Persatuan guru Hongaria mendesak orang tua untuk menjaga anak-anak di rumah di tengah gelombang Covid

Persatuan guru Hongaria mendesak orang tua untuk menjaga anak-anak di rumah di tengah gelombang Covid

Keluaran Hongkong

BUDAPEST: Persatuan guru Hongaria telah meminta orang tua untuk tidak menyekolahkan anak-anak mereka ke sekolah dan taman kanak-kanak untuk melindungi guru dan orang tua dari pandemi virus corona, bentrok dengan pemerintah yang telah berjanji untuk tetap membuka sekolah.

Hongaria sekarang memiliki salah satu tingkat rawat inap Covid-19 tertinggi per 100.000 orang di Eropa, menurut Pusat Perlindungan dan Pengendalian Penyakit Eropa.

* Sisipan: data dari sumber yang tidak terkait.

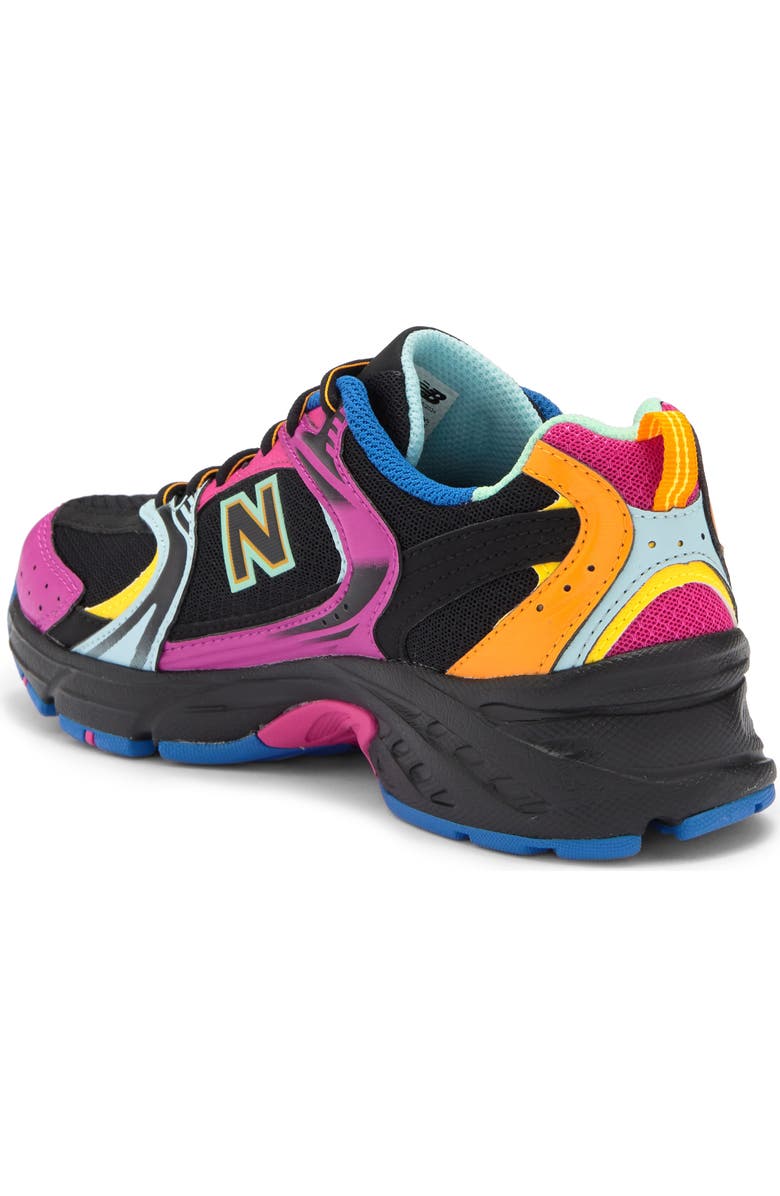 New Balance 530 Sneaker, Alternate, color,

Pemerintah nasionalis Perdana Menteri Viktor Orban, yang ingin meminimalkan kerugian lebih lanjut terhadap ekonomi yang dilanda resesi, telah menahan diri untuk tidak memberlakukan kembali penguncian nasional yang ketat, meskipun telah memberlakukan jam malam malam dan menutup tempat hiburan.

“Jangan mengirim anak Anda ke taman kanak-kanak atau sekolah,” kata serikat guru PDSZ dalam sebuah pernyataan yang dirilis pada hari Minggu, menambahkan mereka telah menerima sejumlah surat dari orang tua yang khawatir yang melihat jarak sosial, pengujian dan penelitian kontak sebagai tidak memadai.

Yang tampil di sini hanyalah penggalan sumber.